Using Sesame Meal Protein Hydrolysates With Pepsin As An Alternative Nitrogen Source In Some Culture Media For Growing Microorganisms
DOI:
https://doi.org/10.64252/r1064t51Keywords:
sesame meal, protein hydrolysates, microorganisms.Abstract
The study aimed to use defatted sesame meal as a rich protein source, exploiting its high protein content, extracting and enzymatically analyzing it, and using the resulting protein hydrolysates as an alternative to expensive nitrogen sources in some culture media for growing specific microorganisms. The extraction process was carried out using 70% ethanol, and the amino acids were identified using HPLC. The results showed that the highest amino acid percentages were glutamic acid (14.15%), arginine (11.25%), and aspartic acid (6.15%), while essential acids such as leucine (5.62%), lysine (2.68%), and methionine (2.36%) recorded lower percentages. Enzymatic hydrolysis of the protein was performed using pepsin, with the highest degree of hydrolysis reaching 37% after 180 minutes. The highest solubility was recorded at pH = 11, while the highest water holding capacity reached 2.9 g/g at pH = 7.

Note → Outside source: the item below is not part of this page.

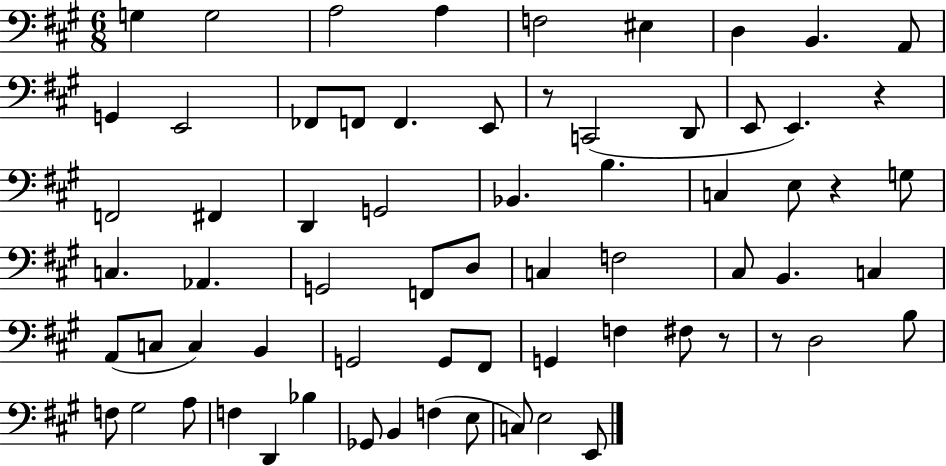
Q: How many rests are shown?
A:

The protein hydrolysates were used in the preparation of Nutrient agar and MacConky agar media after replacing peptone as a nitrogen source with these hydrolysates. The numbers of Bacillus subtilis and Staphylococcus aureus reached (167, 150, 158) and (205, 185, 190) colony forming units (CFU) × 10⁵ CFU, when using commercial and modified media after 180 and 240 mins, respectively. However, the numbers of Escherichia coli and Salmonella typhi reached (175, 150, 162) and (155, 132, 143) × 10⁵ CFU. The efficiency of these decomposers in stimulating the growth of Aspergillus niger and Aspergillus flavus was evaluated using commercial and modified Sabouraud Dextrose Agar media. The growth diameters of A. niger were recorded at (535, 525, 530) mm, and those of A. flavus at (450, 430, 440) mm. The results indicated the effectiveness of the protein hydrolysates produced from sesame meal in supporting the growth of microorganisms, confirming their potential as an alternative and effective nitrogen source in the preparation of culture media.